-- AIM OF THE TASK --
All of the data, except its images, should be set down exactly as it appears.

-- DATASET EXTRACT --
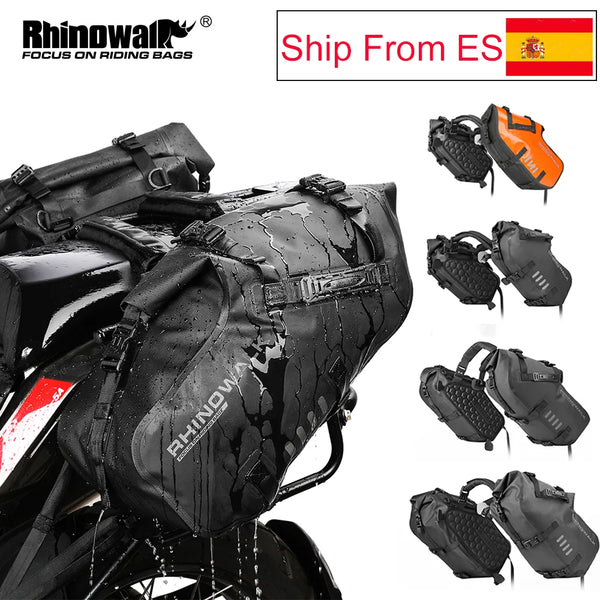 កាបូបចំហៀងម៉ូតូ Rhinowalk មិនត្រូវការរ៉ាកែត 2 ដុំ ធន់នឹងទឹក ស្ងួត ដំឡើងរហ័ស កាបូបចំហៀងពីរ សម្រាប់ដាក់ម៉ូតូ 18L/28L/48L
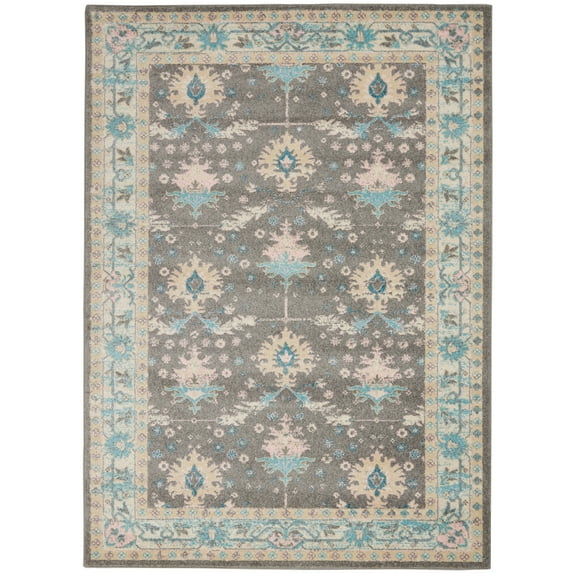 Serene Persian Traditional Grey/Pink 6' x 9' Area Rug, (6' x 9')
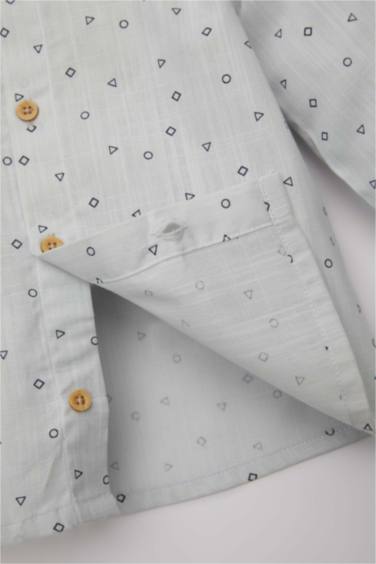 قميص كم طويل بيبي اولادي مطبوع قصة عادية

-- SOLUTION TO THIS EXERCISE --
 កាបូបចំហៀងម៉ូតូ Rhinowalk មិនត្រូវការរ៉ាកែត 2 ដុំ ធន់នឹងទឹក ស្ងួត ដំឡើងរហ័ស កាបូបចំហៀងពីរ សម្រាប់ដាក់ម៉ូតូ 18L/28L/48L
 Serene Persian Traditional Grey/Pink 6' x 9' Area Rug, (6' x 9')
 قميص كم طويل بيبي اولادي مطبوع قصة عادية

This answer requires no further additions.